I sent a copy of the following email message to Tribune reporter Liam Ford on April 27. He was the co-author of an article that consisted of a series of questions and answers about Ayers, the communist terrorist who became a friend of Obama’s and helped launch Obama’s political career. My message said:
“Liam Ford and Mark Jacob:
“You state in your ‘Questions and Answers About Bill Ayers,’ April 24, page 4, that ‘The only people known to be killed or hurt by Weather Underground bombs were bombers themselves.’
“We ask for a correction of this false statement.
“The FBI report on the Weather Underground states, under the title of ‘WUO Bombings and Attempted Bombings,’ that on February 16, 1970, ‘A bomb detonated at the Golden Gate Park Branch of the San Francisco Police Department killing one officer and injuring a number of other policemen.’
“The Society of Former Special Agents of the Federal Bureau of Investigation authored a 1979 pamphlet on the WUO that reported, ‘On October 18, 1974, Larry Grathwohl, a former member of the WUO, testified before a US Senate Subcommittee that Bill Ayers, a WUO leader, had told him that Bernardine Dohrn, another WUO leader, had to plan, develop and carry out the bombing of the police station in San Francisco.

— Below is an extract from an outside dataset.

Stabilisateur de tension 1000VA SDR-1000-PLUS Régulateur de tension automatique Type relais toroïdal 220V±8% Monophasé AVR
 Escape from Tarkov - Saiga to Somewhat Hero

Ayers told Grathwohl the bomb was placed on the window ledge and he described the bomb that was used to the extent of saying what kind of shrapnel was used in it.’
“Please tell us when and how you intend to correct the record so that we can inform our readers and members.
“Cliff Kincaid, editor, Accuracy in Media.”
Reporter Ford told me that he would look into the matter but later said that he didn’t think the material I provided to him would be considered important enough. This struck me as strange. The paper was taking the word of the terrorists themselves that their bombings had never killed anybody else. The WUO had not publicly claimed responsibility for the bombing of the police station in San Francisco.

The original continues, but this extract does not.